• TASK PROMPT: Take the line that contains "Chalés São Mateus Ubatuba Exterior foto" and each line after it to the end of the material below, and return them exactly, minus the pictures.
***** SOURCE MATERIAL *****
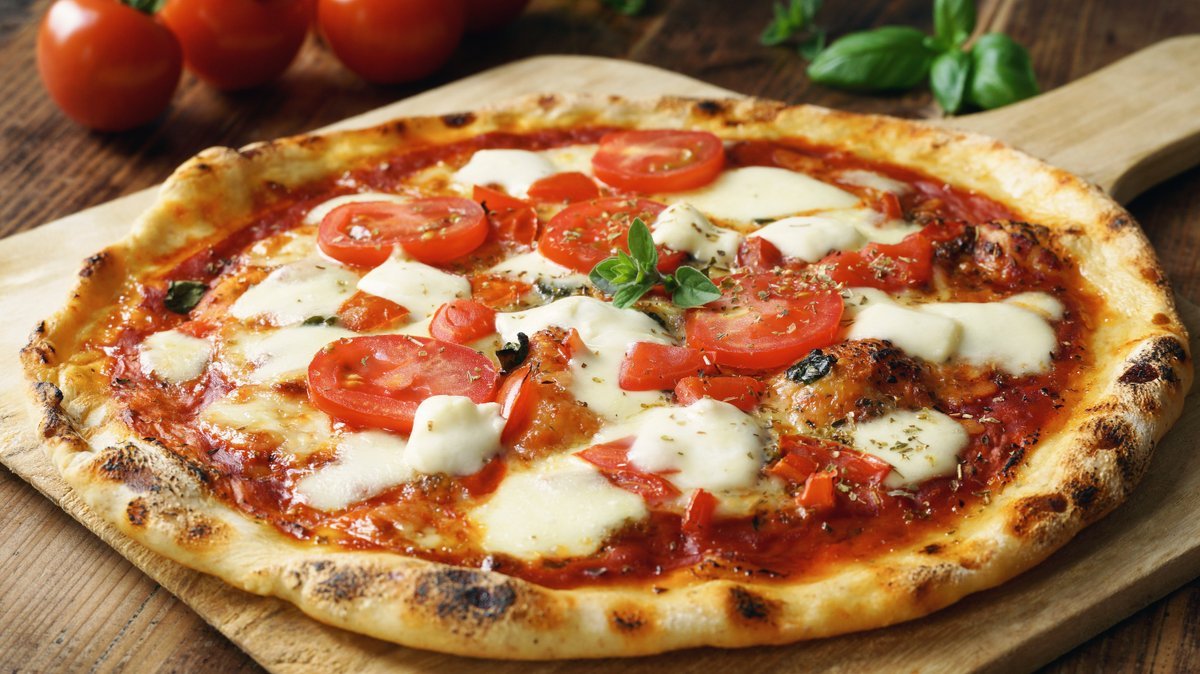 Image of Soran Pizza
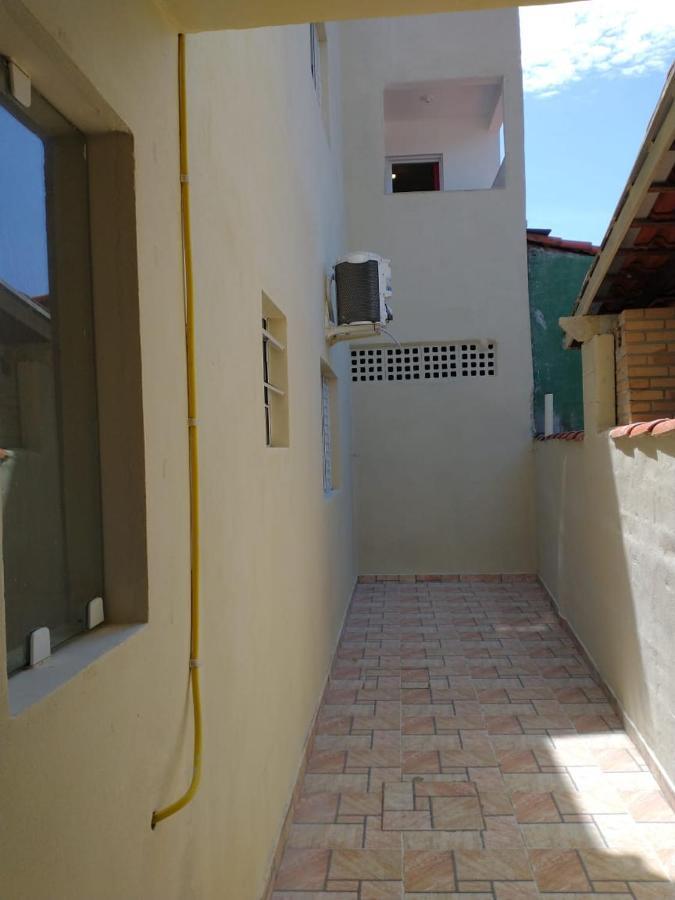 Chalés São Mateus Ubatuba Exterior foto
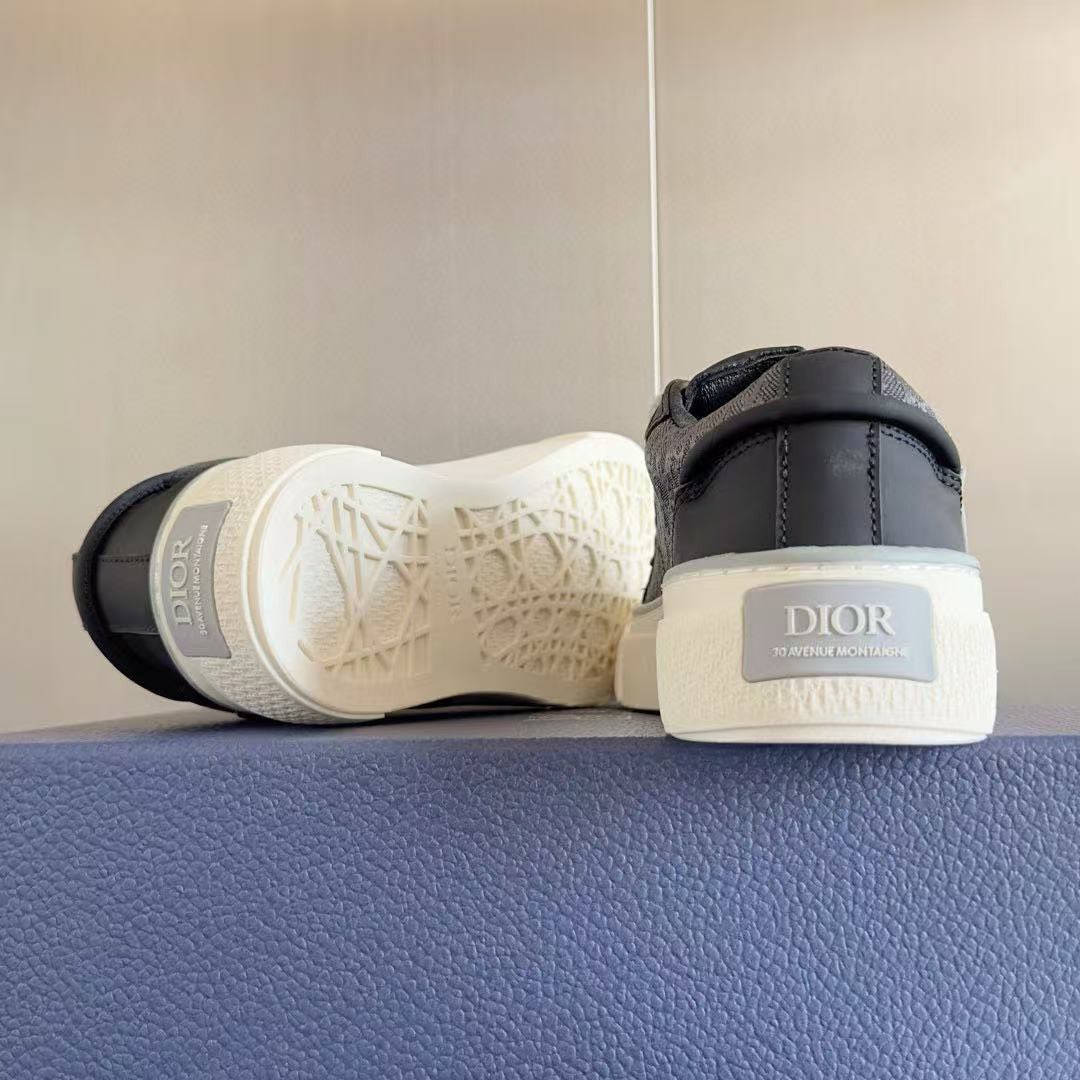 ua D*or b33 sneaker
*****
• FINAL ANSWER:
 Chalés São Mateus Ubatuba Exterior foto
 ua D*or b33 sneaker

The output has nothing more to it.